La crise gazière risque de compromettre les aspirations euro-atlantiques de l'Ukraine en portant un coup à la réputation de cette "jeune démocratie" déjà minée par un conflit au sommet de l'Etat et que l'Europe, privée de gaz, est moins encline à défendre face au puissant voisin russe.
"L'Europe est aujourd'hui mécontente non seulement des agissements de la Russie, mais aussi de l'Ukraine", souligne le politologue ukrainien Volodymyr Fesenko, du centre d'études politiques Penta.
La virulente sortie mercredi de Robert Fico, Premier ministre de Slovaquie, pays très touché par les pénuries énergétiques, devant son homologue ukrainienne Ioulia Timochenko est révélatrice de cet état de fait. "Nous ne sommes pas intéressés par les relations russo-ukrainiennes", a-t-il sèchement lancé, demandant "du gaz".
Le vice-Premier ministre tchèque Alexandr Vondra, dont le pays préside l'UE, a de son côté prévenu que la crise aurait des "conséquences politiques" sur les relations de l'Union européenne à la fois avec la Russie et avec l'Ukraine.
"Le nombre des 'ukrainosceptiques' en Europe augmentera. L'atmosphère dans les relations Ukraine-UE va empirer", souligne M. Fesenko.
Une analyse partagée par Andrew Wilson, du Conseil européen pour les relations internationales : "cette fois, il y a davantage de reproches à l'égard de l'Ukraine" et "une certaine exaspération face à sa tactique", souligne-t-il.
"Quant à l'intégration de l'Ukraine à l'UE, elle ne sera ni plus proche ni plus lointaine, mais dépendra de la réforme du secteur énergétique", ajoute M. Wilson.
L'image de l'Ukraine, par laquelle transite 80% du gaz russe destiné à l'Europe, "est écornée. Le système de gazoducs n'a pas été modernisé et fonctionne comme à l'époque soviétique et c'est notre problème et pas celui de l'UE", note Andri Ermolaïev, du centre d'études Sofia à Kiev.

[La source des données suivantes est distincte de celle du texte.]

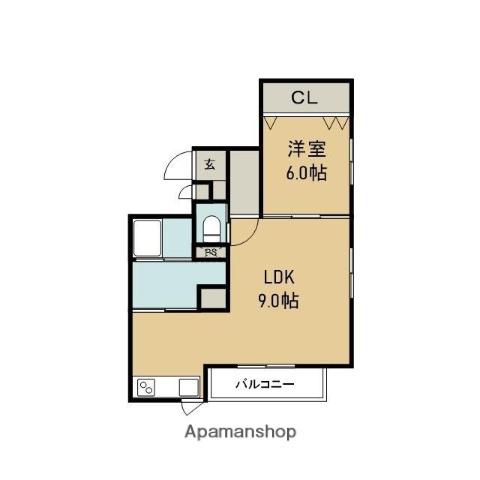 シルフキャメロット(1LDK/3階)の間取り写真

"L'Europe veut contrôler le transit du gaz par l'Ukraine parce qu'elle ne fait pas confiance à Kiev", juge-t-il.
La crise gazière vient se superposer à d'incessantes batailles politiques entre le président Viktor Iouchtchenko et son Premier ministre Ioulia Timochenko, ex-alliés de la Révolution orange, cependant que l'opposition pro-russe demande le départ des deux dirigeants.
"L'impression en Europe est que l'Ukraine n'est pas très bien dirigée et c'est mauvais lorsqu'il s'agit d'une intégration à l'Otan ou à l'Union européenne", commente Katinka Barysch, du Centre de la réforme européenne dont le siège est à Londres.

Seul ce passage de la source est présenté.